Cleveland is winning when it comes to being funny. The “Pittsburgh started it” T-shirts are HILARIOUS. Hitting a Rudolph piñata with a Steelers helmet is HILARIOUS.
One (false) report said fans wearing Garrett jerseys would be denied entry Sunday. Fans will be prohibited from bringing duck calls into Heinz Field by way of encouraging Steelers quarterback Devlin “Duck” Hodges.
Prudent move. If 65,000 people tooted those for three hours, an army of ducks could descend and overwhelm. Roll over, Alfred Hitchcock, and tell Tippi Hedren the news.
Hodges goes into Sunday’s game after getting a very odd endorsement from coach Mike Tomlin: “I expect he won’t kill us.” In other words, Rudolph did.
This game is quite literally in the hands of Browns quarterback Baker Mayfield. If Mayfield and his offensive platoon don’t commit turnovers, the Steelers have no chance. Zero Pittsburgh takeaways led to an easy 21-7 Cleveland victory last time.
The Steelers stink offensively. The numbers don’t lie.
The Steelers scored 28 points or more eight times last year. They haven’t done it once this season. The Steelers have scored one offensive touchdown in each of the last four games. They are one of three teams to not have a 300-yard passer this campaign.
Hodges doesn’t figure to break that latter streak Sunday.
There’s not much video on Hodges, but figuring him out isn’t like solving the New York Times crossword puzzle. Hodges has little arm strength. He can’t get the ball to the sideline. The Browns will crowd the middle of the field.
Hodges’ main weapon is his confidence. He hasn’t figured out he isn’t very good. Rudolph has. He might need therapy to reverse that.
Sunday’s game will be fun.
A guy named “Duck” is one of the quarterbacks. The parking lots will have a Jets vs.
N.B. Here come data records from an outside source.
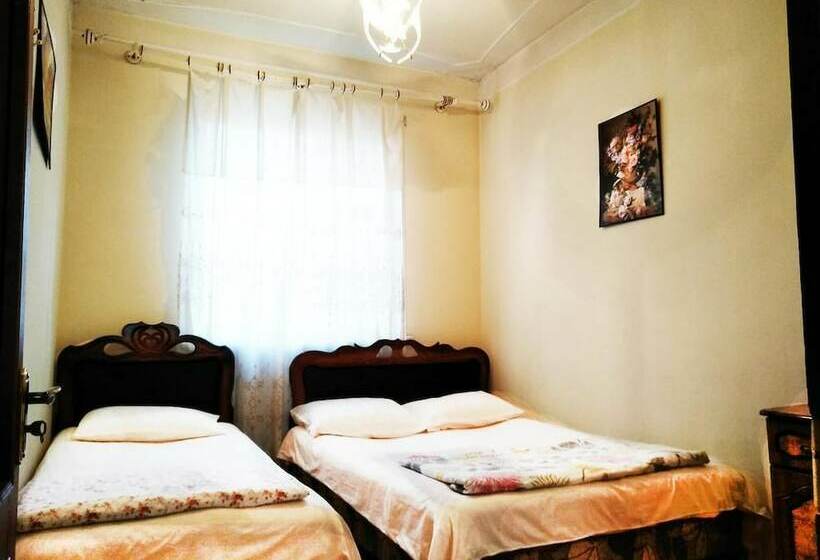 베이직 3인 룸, Hostel Sakharov & Tours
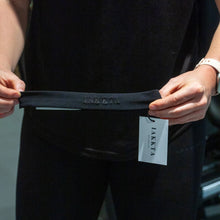 Last inn bildet i Galleri-visningsprogrammet, IAKKTA treningsbånd til høreapparat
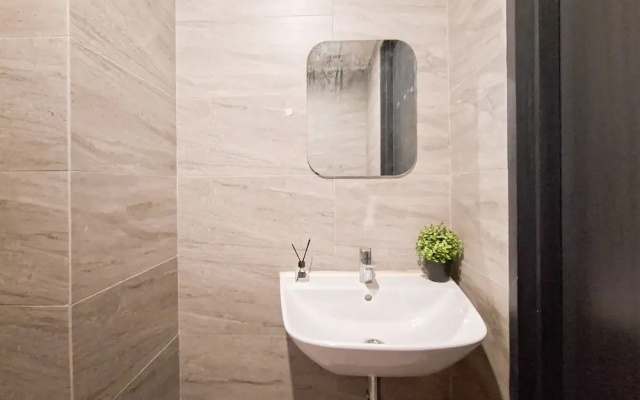 Modern Look Studio At Apartment Collins Boulevard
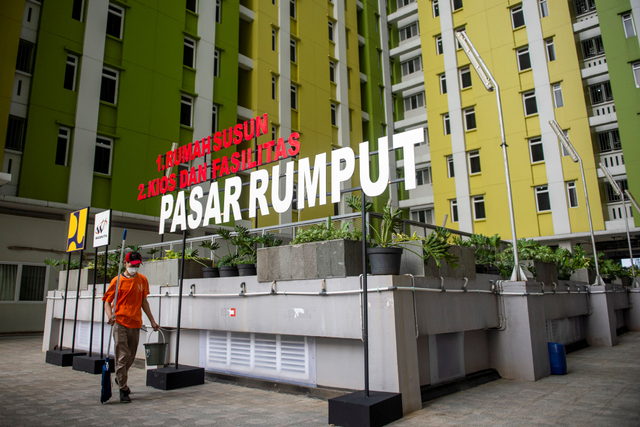 Petugas berjalan di Rumah Susun Pasar Rumput, Manggarai, Jakarta, Senin (20/9/2021). Foto: M Risyal Hidayat/Antara Foto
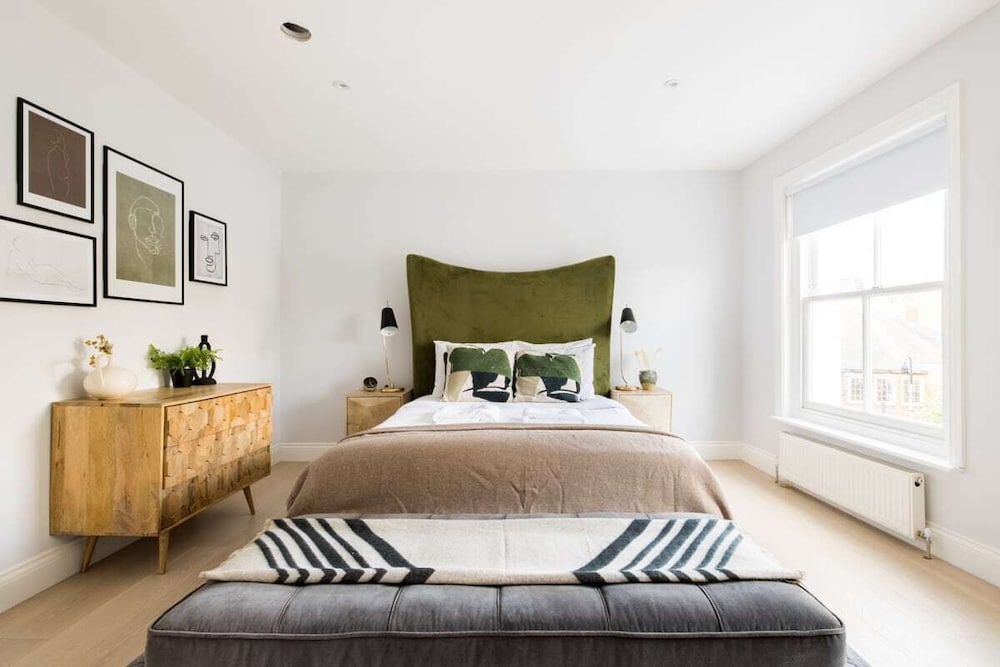Фото The Margravine Maisonette - Modern & Bright 2bdr Flat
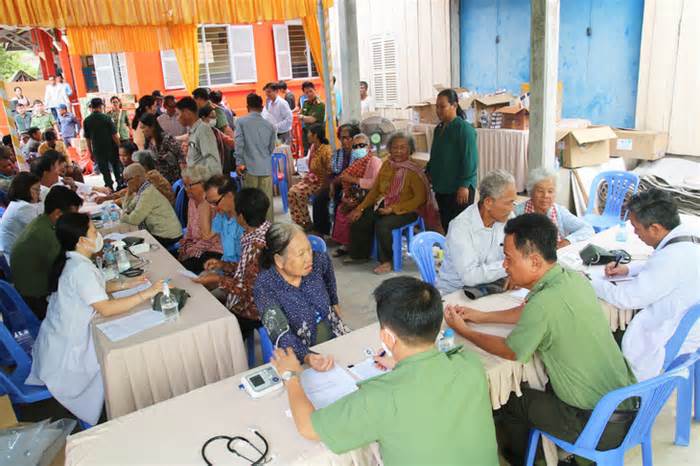Khám bệnh, phát thuốc và quà cho người dân tỉnh Kandal, Campuchia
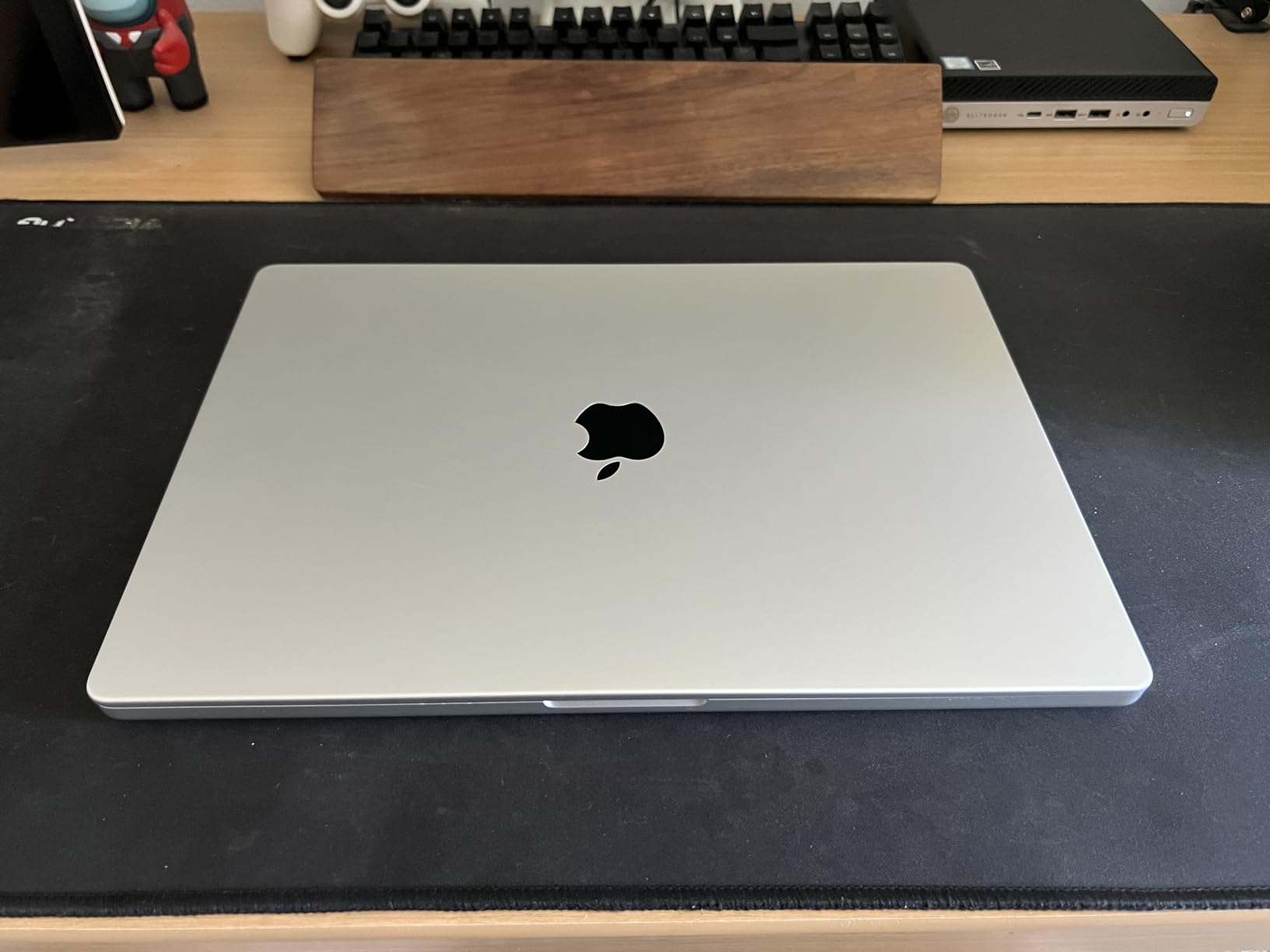 Apple Late 2021 MacBook Pro with Apple M1 Pro chip, 16-inch, 16GB RAM, 1TB SSD, Space Gray (Renewed) customer photo 2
Sharks vibe. (“West Side Story,” not NHL. How many dated movie references can I fit into one column?) Cleveland is 7-34-1 against the Steelers since rejoining the NFL in 1999, but somehow the “rivalry” has been renewed. Thank Garrett for that.
It all adds up to fun.
The NFL seems unconcerned about on-field problems. The league assigned a second-year ref to this game. Maybe that’s good. If Ed Hochuli came out of retirement to work it, it might be like waving a red cape at a bull. (Then again, he’s an attorney.)
If there are fights in the parking lot, then the fun continues on YouTube.
The Browns will beat the Steelers, perhaps comfortably. That’s no fun.
Praise the Steelers for their resilience, their coaches for resourcefulness. Playoff hopes have been kept fresh well past their sell-by date. But being swept by the Browns will finally drive home a hard reality: No Ben, no chance.